• _Task description_: Look through the entries below and extract exactly the lines from the one containing "algunos acontecimientos de la" through the one containing "duración de los hechos tratados.", ends included.

• _Given data_:
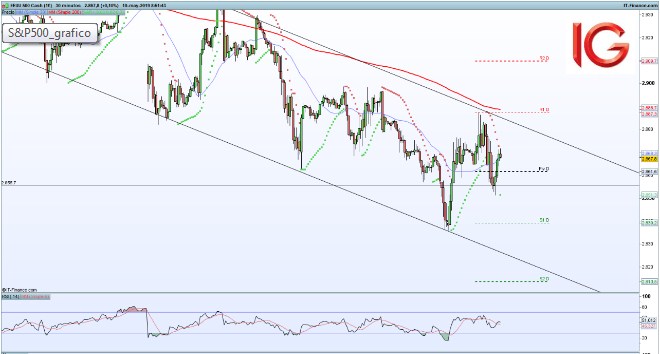 Nombre:  sp500.jpg
Visitas: 218
Tamao: 48.9 KB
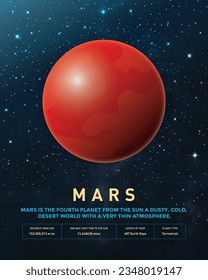 Mars Planet. Mars is the fourth planet from the Sun in our solar system.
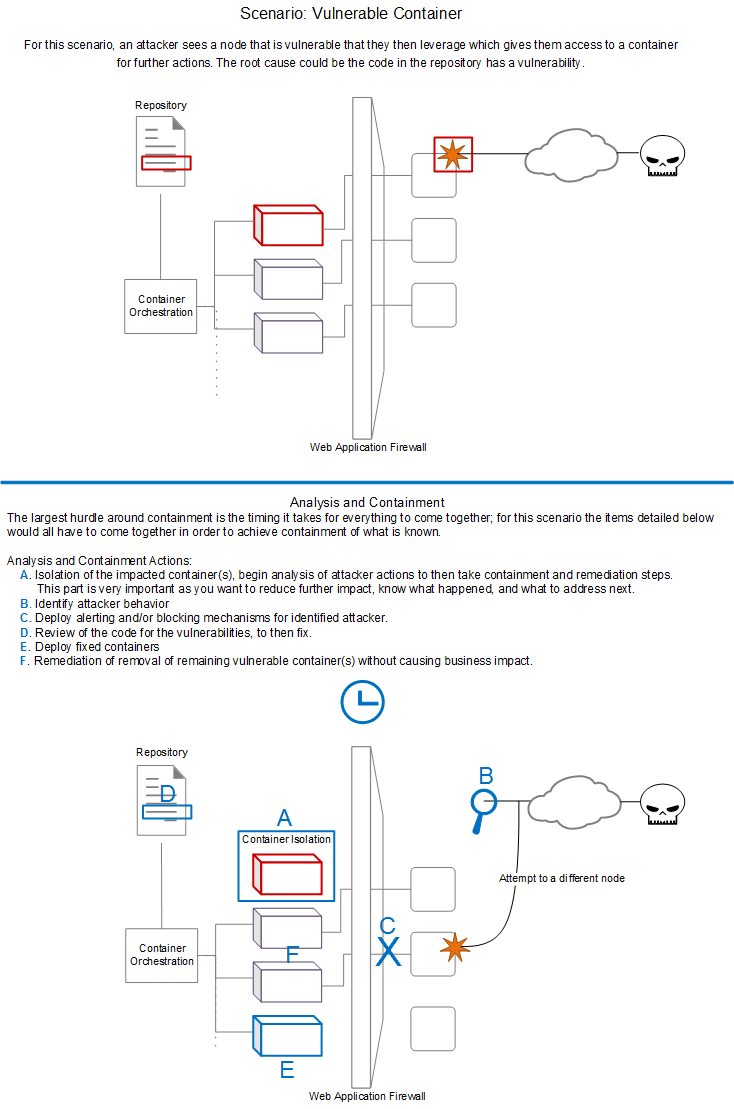 Diagram of a Vulnerable Container scenario with the following text included: "For this scenario, an attacker sees a node that is vulnerable that they then leverage which gives them access to a container for further actions. The root cause could be the code in the repository has a vulnerability." Below this text is a diagram of a web application firewall. Below this is a thick blue line under which is written: "Analysis and Containment. The largest hurdle around containment is the timing it takes for everything to come together; for this scenario the items detailed below would all have to come together in order to achieve containment of what is known. Analysis and containment actions: A. Isolation of the impacted container(s), begin analysis of attacker actions to then take containment and remediation steps. This part is very important as you want to reduce further impact, know what happened, and what to address next. B. Identify attacker behavior, C. Deploy alerting and/or blocking mechanisms for identified attacker, D. Review of the code for the vulnerabilities, to then fix, E. Deploy fixed containers, F. Remediation of removal of remaining vulnerable container(s) without causing business impact.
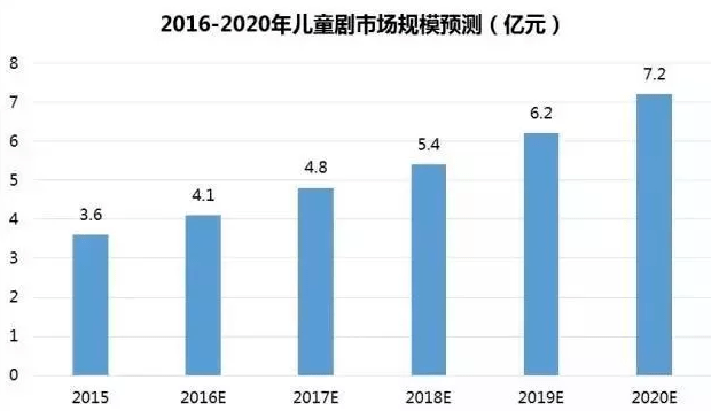 澳门六开走势图图解大全，深度解析与最新预测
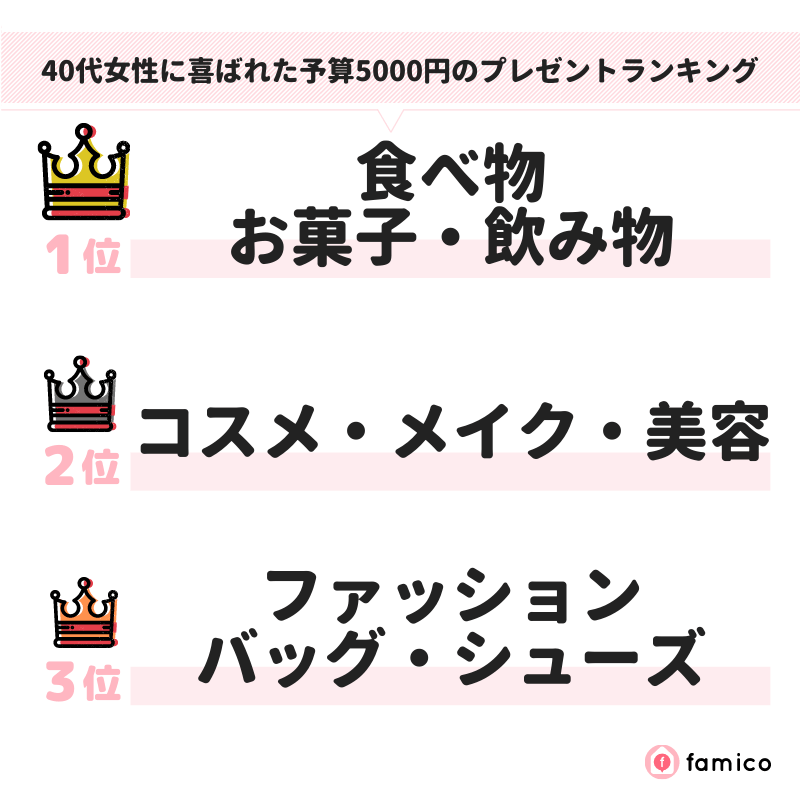 40代女性に喜ばれた予算5000円のプレゼントランキング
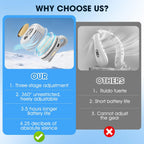 Portable Silent Mini Bladeless Fan Clip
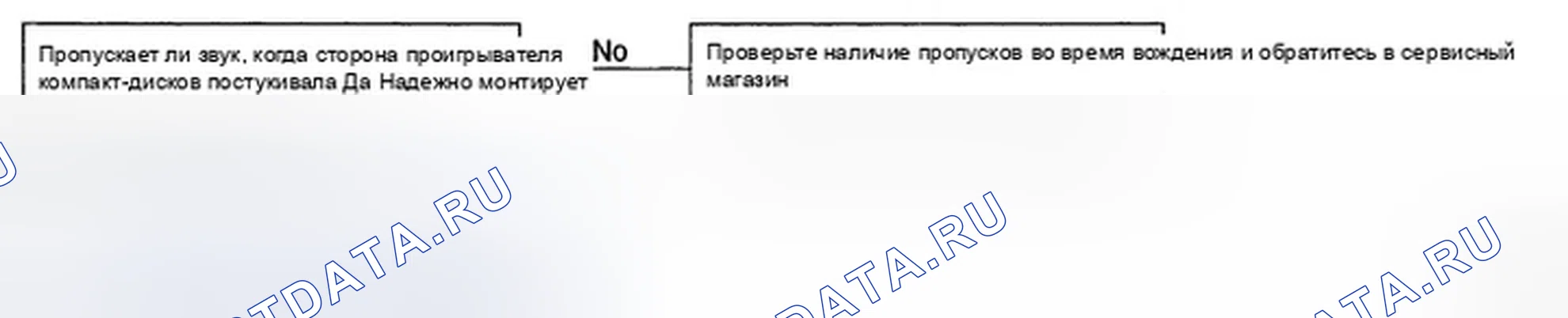 Рис. 19. Hyundai Elantra IV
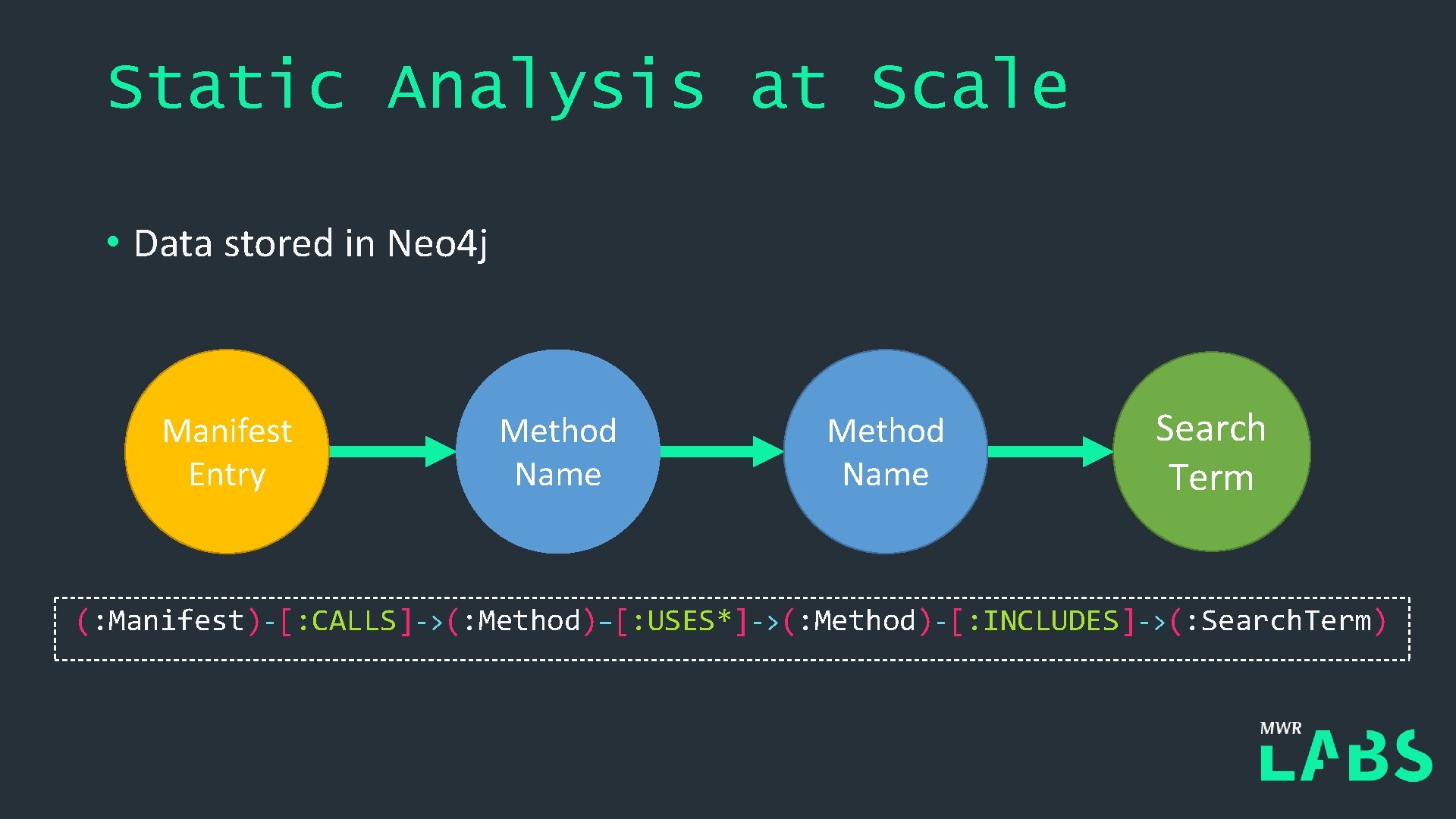 Static Analysis at Scale • Data stored in Neo 4 j Manifest Entry Method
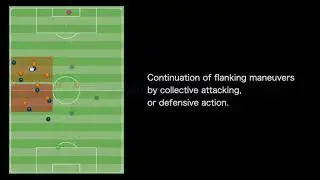 No.13 Collective attack or defensive action near the sideline.
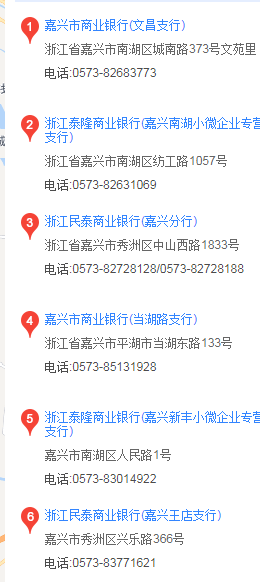嘉兴商业银行分布点在哪？电话多少？
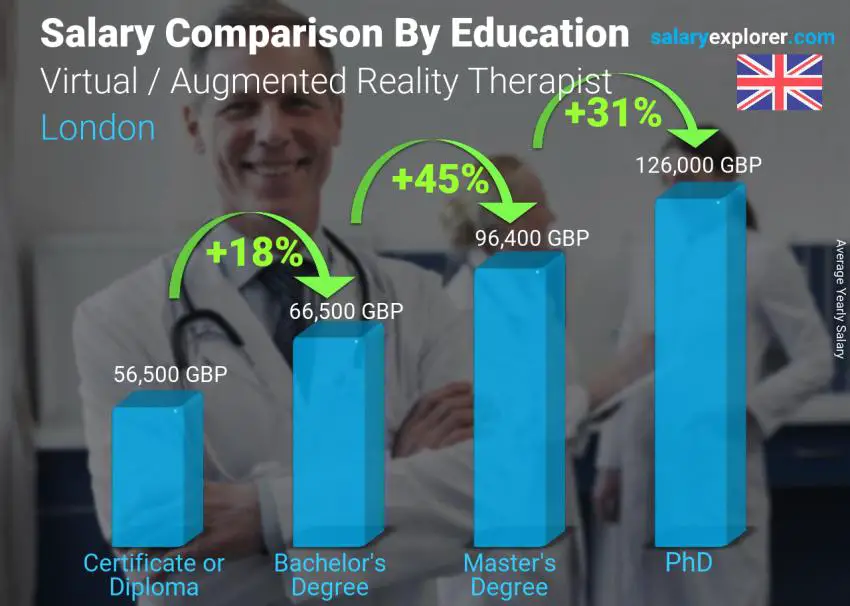 Salary comparison by education level yearly London Virtual / Augmented Reality Therapist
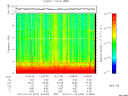 T2012004_14_10KHZ_WBB thumbnail Spectrogram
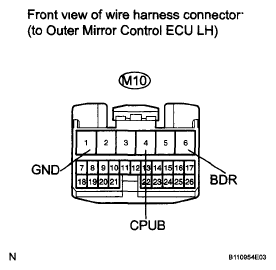 G05754001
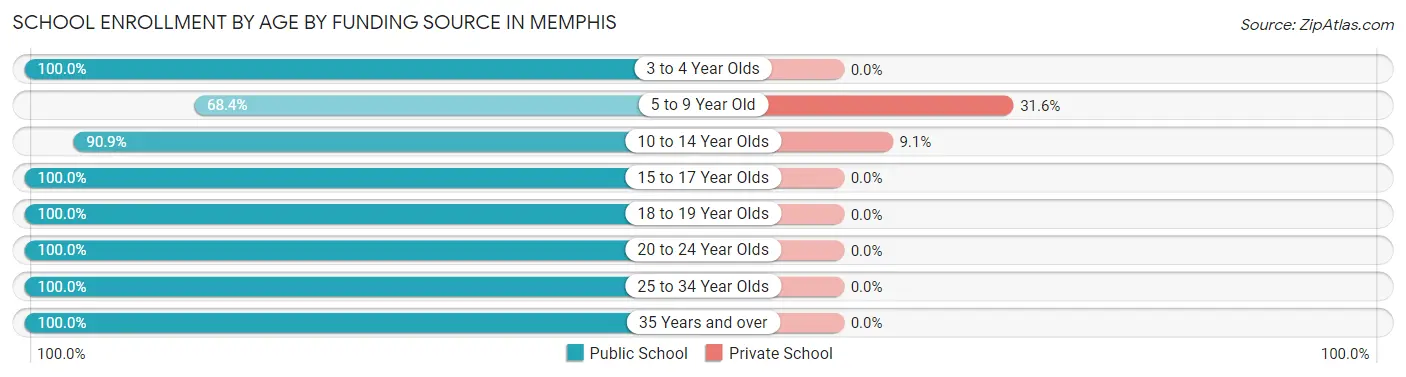 School Enrollment by Age by Funding Source in Memphis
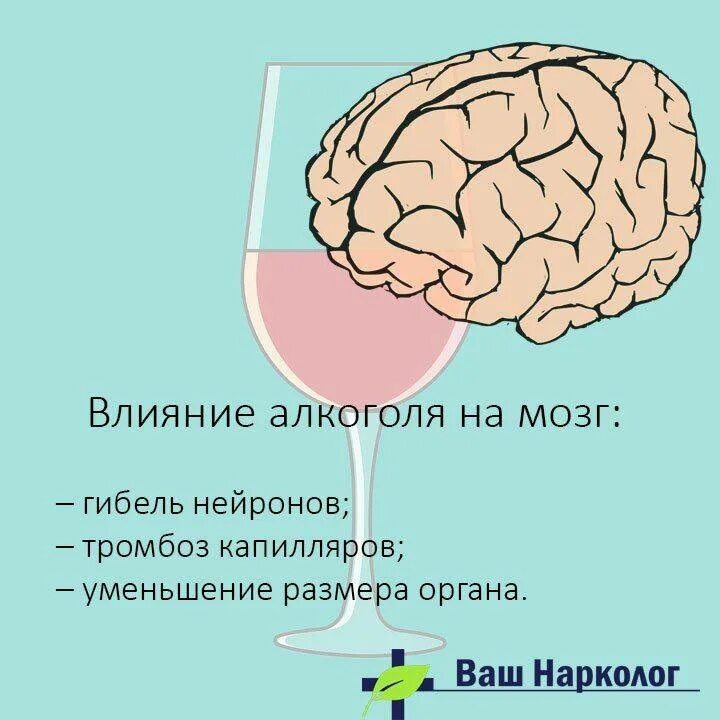 Что происходит с мозгом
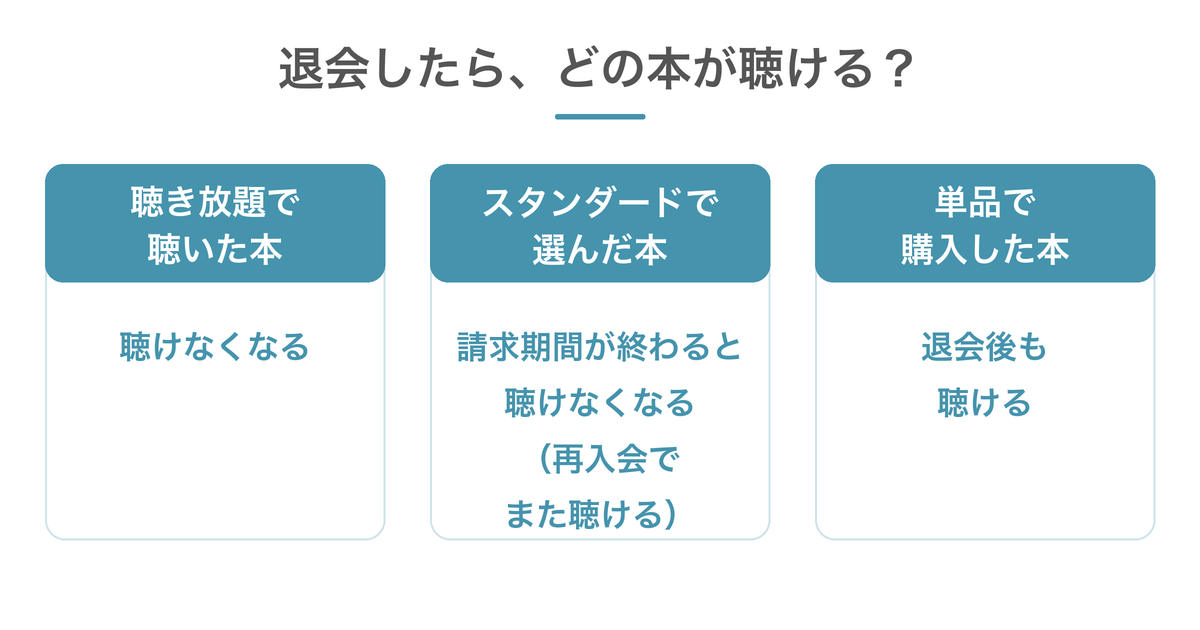 会員資格終了後は聴き放題作品とスタンダードの選択作品を利用できなくなり、単品購入した本は引き続き聴ける。
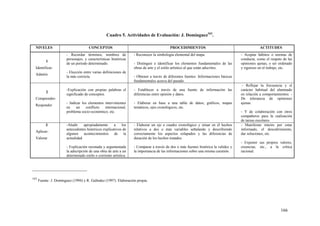 166
Cuadro 5. Actividades de Evaluación: J. Domínguez163
.
NIVELES CONCEPTOS PROCEDIMIENTOS ACTITUDES
1
Identificar-
Admitir
- Recordar términos, nombres de
personajes, y características históricas
de un período determinado.
- Elección entre varias definiciones de
la más correcta.
- Reconocer la simbología elemental del mapa.
- Distinguir e identificar los elementos fundamentales de las
obras de arte y el estilo artístico al que están adscritos.
- Obtener a través de diferentes fuentes: Informaciones básicas
fundamentales acerca del pasado.
- Aceptar hábitos o normas de
conducta, como el respeto de las
opiniones ajenas, o ser ordenado
y riguroso en el trabajo, etc.
2
Comprender-
Responder
-Explicación con propias palabras el
significado de conceptos.
- Indicar los elementos intervinientes
en un conflicto internacional,
problema socio-económico, etc.
- Establecer a través de una fuente de información las
diferencias entre opinión y datos.
- Elaborar en base a una tabla de datos; gráficos, mapas
temáticos, ejes cronológicos, etc.
- Reflejar la frecuencia y el
carácter habitual del alumnado
en relación a comportamientos: -
De tolerancia de opiniones
ajenas.
- Y de colaboración con otros
compañeros para la realización
de tareas escolares.
3
Aplicar-
Valorar
-Aludir apropiadamente a los
antecedentes históricos explicativos de
algunos acontecimientos de la
actualidad
- Explicación razonada y argumentada
la adscripción de una obra de arte a un
determinado estilo o corriente artística.
- Elaborar un eje o cuadro cronológico y situar en él hechos
relativos a dos o más variables señalando y describiendo
correctamente los aspectos solapados y las diferencias de
duración de los hechos tratados.
- Comparar a través de dos o más fuentes histórica la validez y
la importancia de las informaciones sobre una misma cuestión.
- Manifestar interés por estar
informado, el descubrimiento,
dar soluciones, etc.
- Exponer sus propios valores,
creencias, etc., a la crítica
racional.
163
Fuente: J. Domínguez (1994) y R. Galíndez (1997). Elaboración propia.
 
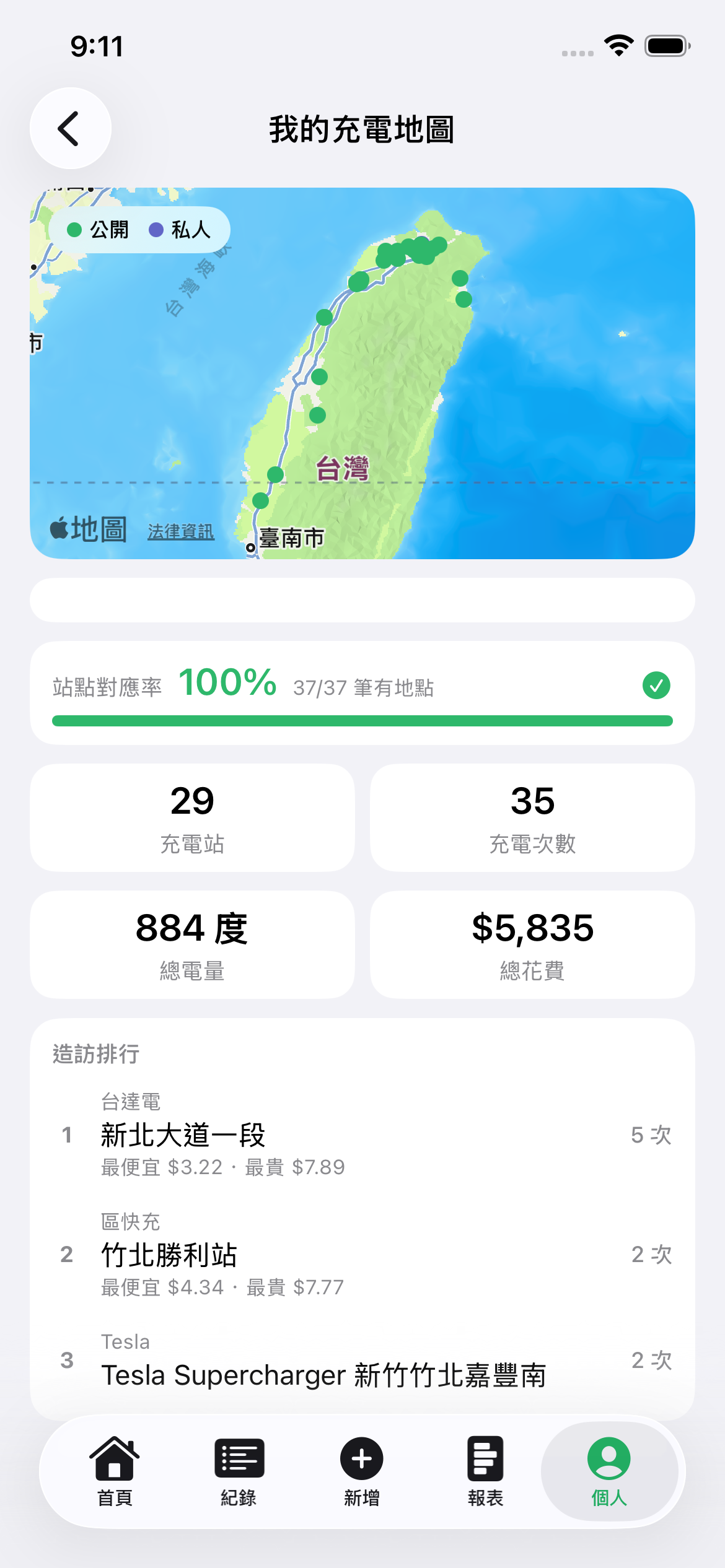 我的充電地圖：在地圖上回顧充電足跡，查看站點統計、造訪排行與歷史充電價格。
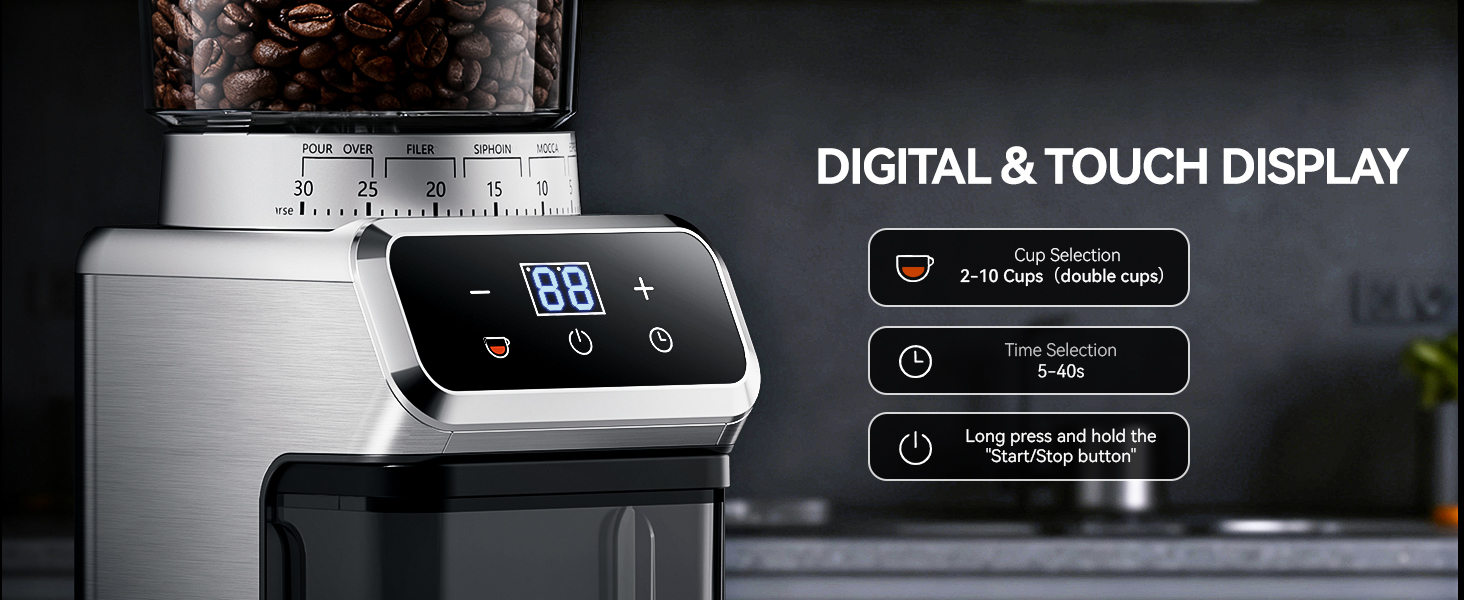 Coffee Grinder Electric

• _Task result_:
algunos acontecimientos de la
actualidad
- Explicación razonada y argumentada
la adscripción de una obra de arte a un
determinado estilo o corriente artística.
- Elaborar un eje o cuadro cronológico y situar en él hechos
relativos a dos o más variables señalando y describiendo
correctamente los aspectos solapados y las diferencias de
duración de los hechos tratados.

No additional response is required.